MySQL plans improvements in areas such as tables, replication, and partitioning with upcoming versions of the its database clustering product.
The MySQL Cluster product allows the database to be run across multiple systems. The product features the database as well as a storage engine developed by Ericsson. Having recently added functions such as BLOBs (binary large objects) support to the database, the upcoming 5.0 release, now in beta, removes the 1,500-table limit per cluster. "That limit is gone in 5.0," said John David Duncan, a consultant and sales engineer for MySQL. Version 5.0 is due for general availability this summer.
The 5.1 release of MySQL Cluster, due in 2006, will integrate clustering with replication capabilities, Duncan said. This enables redundant clusters to be maintained in two different geographical limitations.
Partitioning of tables also will be enhanced. "You will be able to have clustered tables or logical tables made of logical tables and many ISAM [Indexed Sequential Access Method] tables, for instance," Duncan said.
To increase database size, indexed columns are to be kept in memory while non-indexed columns are moved out to disk. Variable length record operations also will be improved, and administrators will be able to make more on-line changes to the topology of their clusters with Version 5.1, according to Duncan.

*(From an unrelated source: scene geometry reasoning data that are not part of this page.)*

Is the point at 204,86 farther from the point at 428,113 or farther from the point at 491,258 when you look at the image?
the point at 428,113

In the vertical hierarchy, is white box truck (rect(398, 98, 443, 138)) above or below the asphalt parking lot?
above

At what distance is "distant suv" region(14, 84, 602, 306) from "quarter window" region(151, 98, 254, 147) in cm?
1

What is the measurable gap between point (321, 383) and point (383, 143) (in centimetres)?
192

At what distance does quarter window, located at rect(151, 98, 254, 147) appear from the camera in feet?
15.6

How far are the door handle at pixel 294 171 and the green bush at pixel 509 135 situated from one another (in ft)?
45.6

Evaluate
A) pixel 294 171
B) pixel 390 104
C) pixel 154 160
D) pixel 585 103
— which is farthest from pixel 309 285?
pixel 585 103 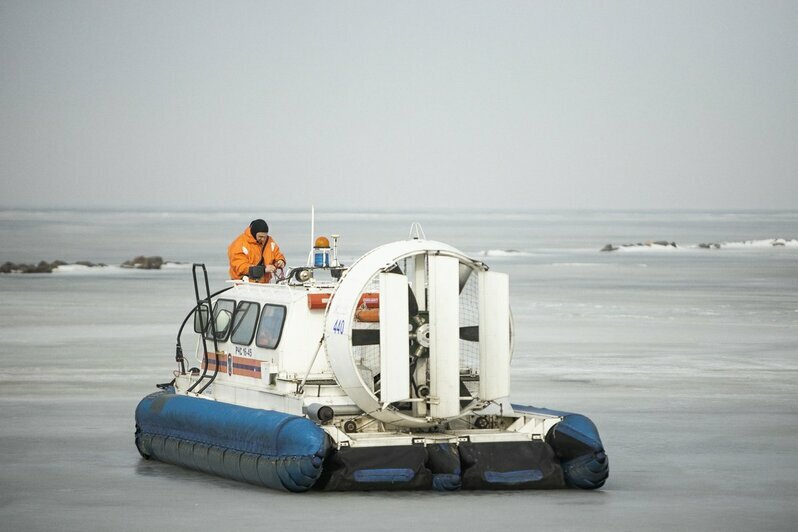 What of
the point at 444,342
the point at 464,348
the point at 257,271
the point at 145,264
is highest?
the point at 257,271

At some point, in a release following Version 5.1, MySQL may support having transactions span both the NDB (network database) and InnoDB transactional storage engine in MySQL. "What will happen when a [transaction] spans InnoDB and NDB is that XA [distributed transactions] support in MySQL will come into play, where the MySQL server is being a transaction manager over a distributed transaction between the two storage engines," Duncan said.